Among the B. platyphylla cp genes, several were special. The rps12 gene was a trans-spliced gene that consisted of 3 exons that code for the homologous ribosomal protein S12. C-terminal exons 2 and 3 of rps12 were located in each IR region, but exon 1 was located in the LSC, approximately 28 kbp downstream of the nearest copy of exon 2, which was located in one of the IR regions and 61 kbp away from the other copy of exon 3, which was located in the other IR region. Prediction of the B. platyphylla cp gene function was based on homology, as these genes code for a variety of proteins, mostly involved in photosynthesis and other metabolic processes. Regarding photosynthesis, a subset of the genes synthesizes the large Rubisco subunit and thylakoid proteins. In addition, other genes encode subunits of a protein complex that mediates redox reactions to recycle electrons. Table 2 shows the gene functions and groups in the B. platyphylla cp genome.

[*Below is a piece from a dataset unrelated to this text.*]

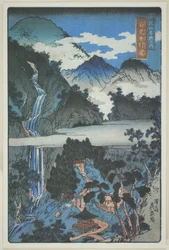 Quedas de Nunobiki no Santuário de Jakko (Jakko Nunobiki no taki), da série "Pontos cénicos nas montanhas de Nikko (Nikkosan meisho no uchi)"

Table 2 Group of genes within the B. platyphylla chloroplast genome

Full size table

Codon usage and alternative initiation codons statistics

It is generally acknowledged that codon biases reflect a balance between mutational biases and natural selection for translational optimization. We further analyzed the codon usage frequency and RSCU value in the B. platyphylla cp genome. It was not clear whether RNA editing occurred in these areas because there were some regions covered with no reads in our experiment, and the editing rates were not 100%. Here, we used RNA sequences without editing to compute the codon usage and RCSU values. We estimated that this would not have a large impact on the results. There were 84 protein-coding genes in the B. platyphylla cp genome, including 26,298 codons in total. Among the codons, the three amino acids present in the highest proportions were leucine (10.49%), isoleucine (8.97%) and serine (7.49%). Excluding the stop codons, cysteine (1.16%) was the least abundant amino acid (Additional file 1: Table S4, Figure S1). Codon usage was biased towards A and U at the third-codon position, which is similar to the trend that was observed in a majority of angiosperm cp genomes [29].

Unlike ordinary genes that use ATG as their initiation codons, several cp genes use other codons as exceptions. In the B. platyphylla cp genome, three genes were annotated with Non-ATG start codon: GTG was used by rps19 and psbC and ACG was used by ndhD. These three genes are involved in translation, photosynthesis and respiration, respectively. As shown in Fig. 2a, these selected gene sites were relatively conserved across species. GTG was the dominant initiation codon in rps19, but not in psbC, and about half of the species took ACG as the start codon in ndhD. Figure 2b shows that, at the transcriptional level, the initiation codon of rps19 and the psbC transcripts of B. platyphylla did not change significantly. However, editing ACG to AUG at the ndhD start codon was obvious and made its start codon go back to normal.

Comparison of chloroplast genome sequences with those of other species

To investigate the similarities and differences of the cp genome sequences between B. platyphylla and other species of Fagales, a global alignment program was used to align these sequences. The result was plotted using the mVISTA tools with B. platyphylla as a reference (Fig. 3). Overall, these closely related species had little difference in cp genome size, ranging from 160,320 bp to 161,148 bp. The global patterns of sequence similarities among these sequences were very high, especially among the Betulaceae species, with over 99% identity. As shown in Fig. 3, the structures of these cp genomes were conserved, and neither translocations nor inversions were detected in the sequences. As expected, coding regions were revealed to be more conserved than noncoding regions. More concretely, most high polymorphic regions were located in the intergenic regions (such as trnR-TCT—atpA, trnE-TTC—trnT-GGT, psbE—petL, rpl32—trnL-TAG), but the ycf1 gene had higher variability regions. These regions may be undergoing more rapid nucleotide substitution at the species level, which indicates the potential application of molecular markers for phylogenetic analyses and plant identification in Fagales.